_ACTIVITY_
Reproduce the material below only from the line with "Miniatyrbild 3 av" to the line with "500+ Simple Phrases", both included, keeping each line exact and dropping the pictures.

_THE DATA_
= = = = =

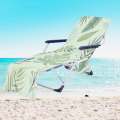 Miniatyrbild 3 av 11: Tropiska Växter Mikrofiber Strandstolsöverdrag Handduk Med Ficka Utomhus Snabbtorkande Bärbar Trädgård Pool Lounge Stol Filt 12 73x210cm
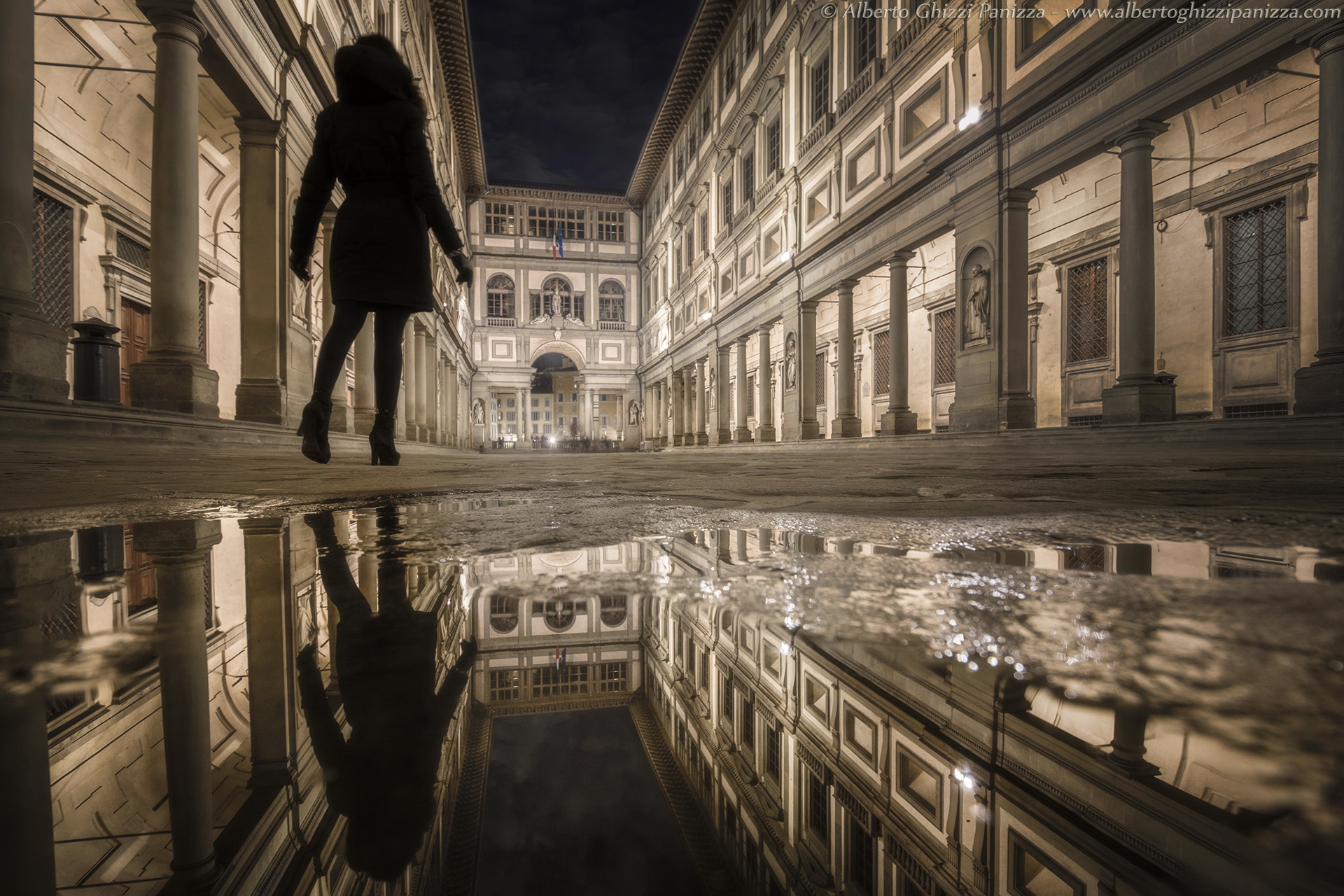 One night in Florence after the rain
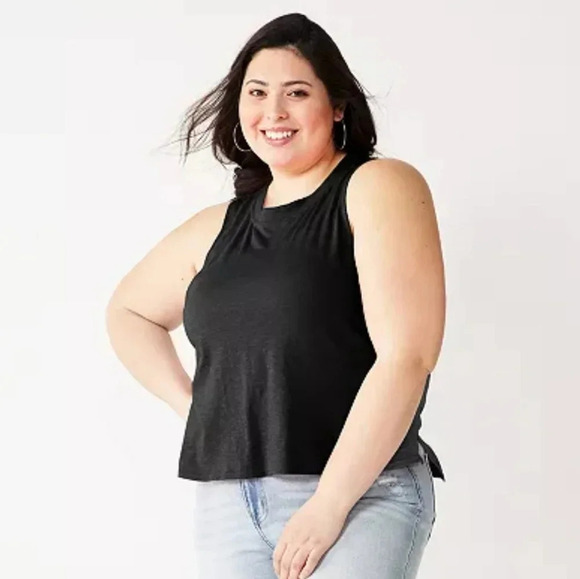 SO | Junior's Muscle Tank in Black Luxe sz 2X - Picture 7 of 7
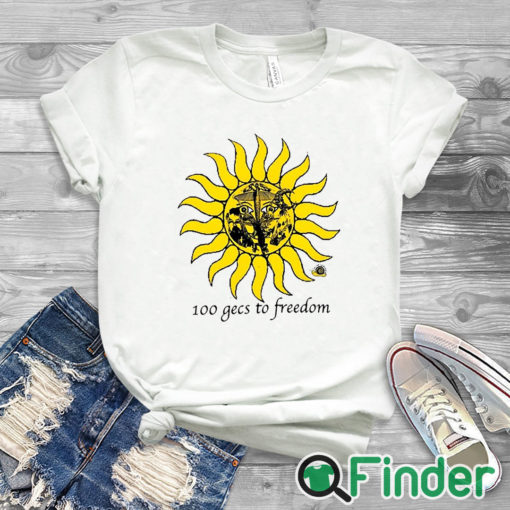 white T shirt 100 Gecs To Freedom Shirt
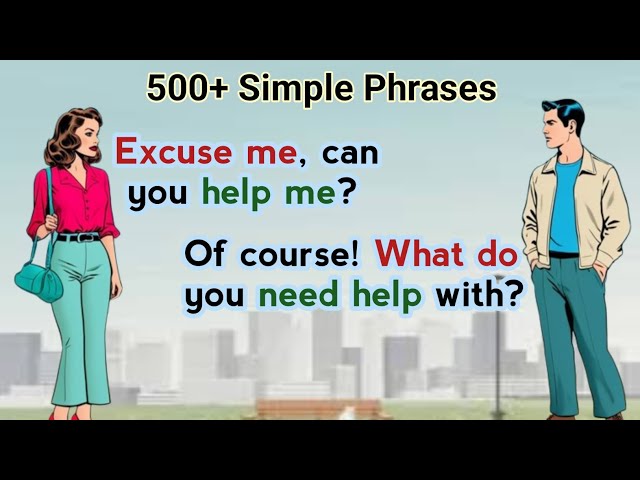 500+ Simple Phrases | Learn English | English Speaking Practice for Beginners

= = = = =

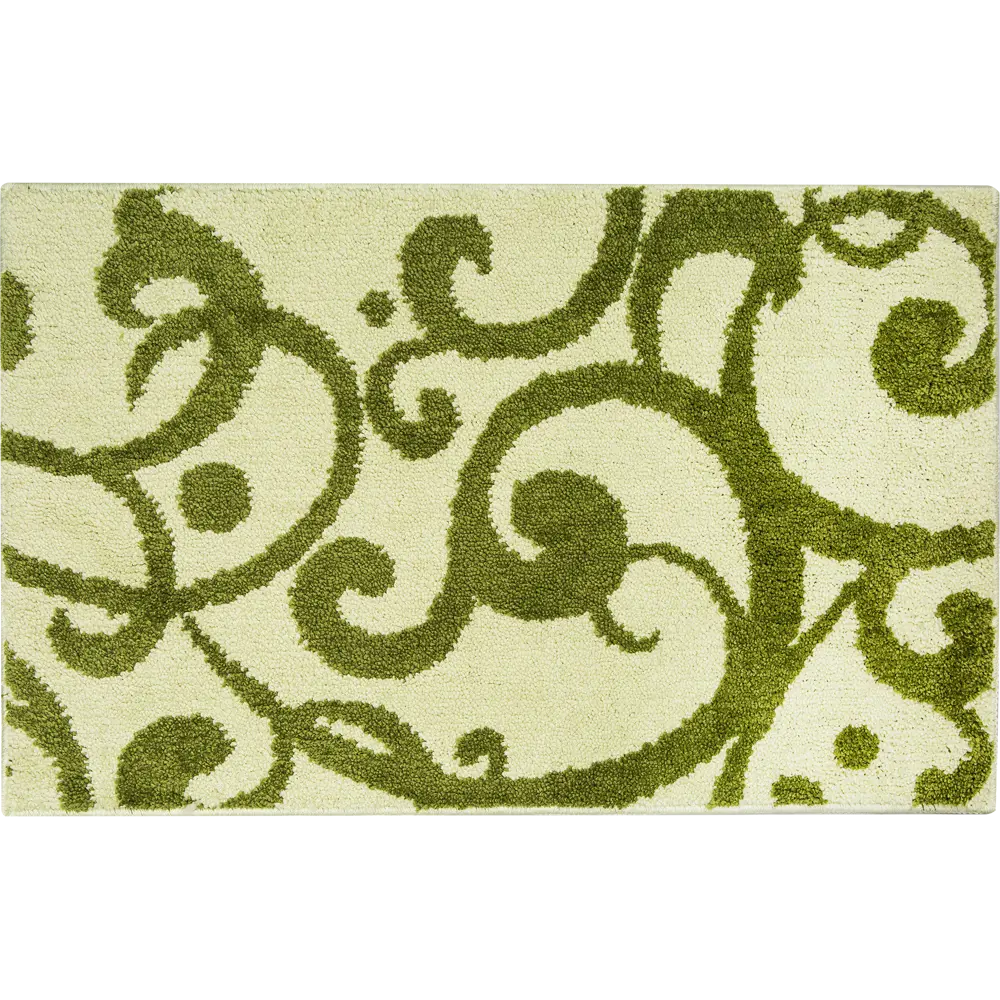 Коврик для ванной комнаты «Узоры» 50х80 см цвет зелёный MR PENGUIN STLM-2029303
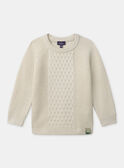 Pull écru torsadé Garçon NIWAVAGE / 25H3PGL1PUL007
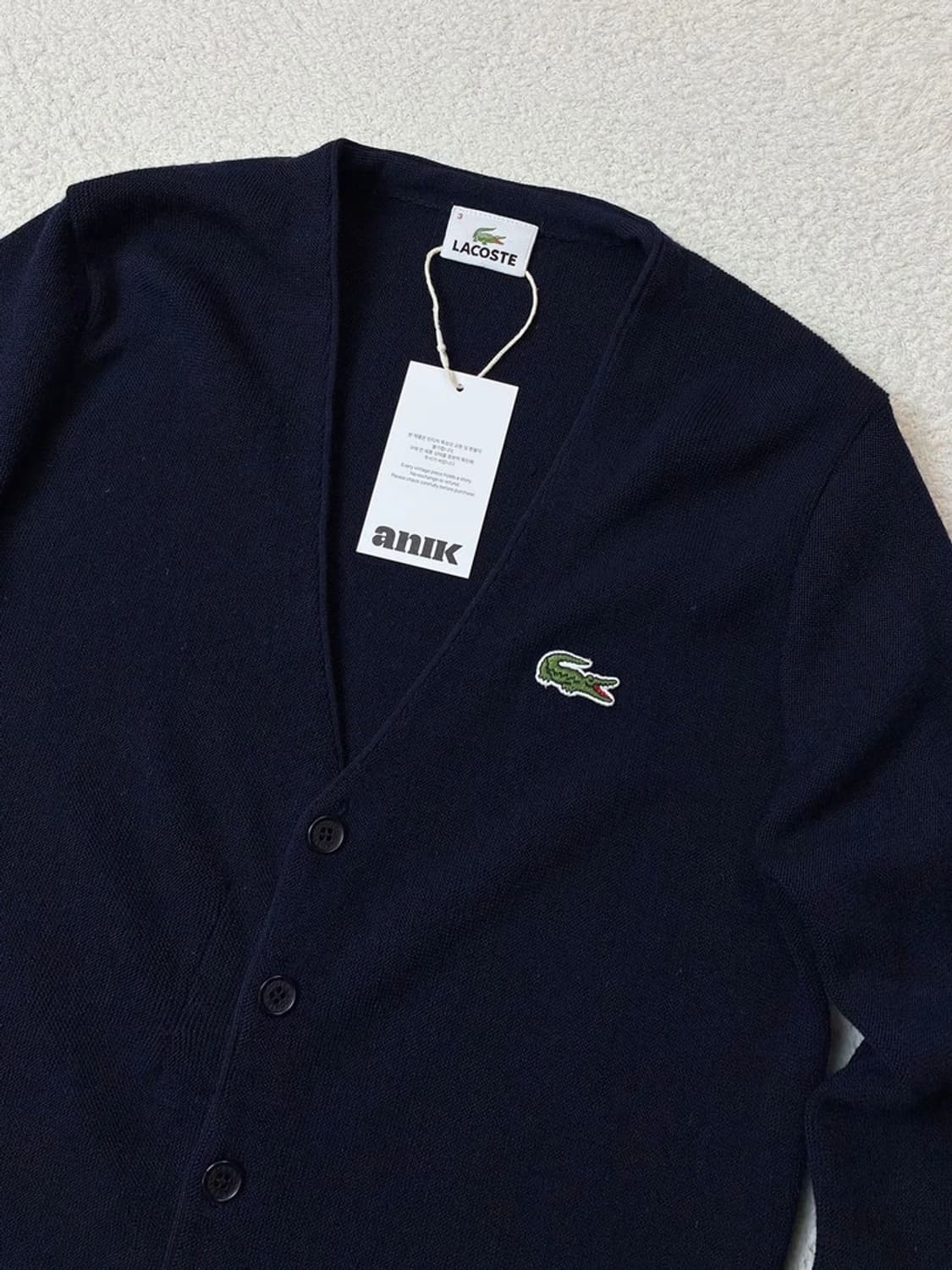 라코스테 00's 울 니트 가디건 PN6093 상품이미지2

= = = = =

_EXERCISE RESULT_
 Miniatyrbild 3 av 11: Tropiska Växter Mikrofiber Strandstolsöverdrag Handduk Med Ficka Utomhus Snabbtorkande Bärbar Trädgård Pool Lounge Stol Filt 12 73x210cm
 One night in Florence after the rain
 SO | Junior's Muscle Tank in Black Luxe sz 2X - Picture 7 of 7
 white T shirt 100 Gecs To Freedom Shirt
 500+ Simple Phrases | Learn English | English Speaking Practice for Beginners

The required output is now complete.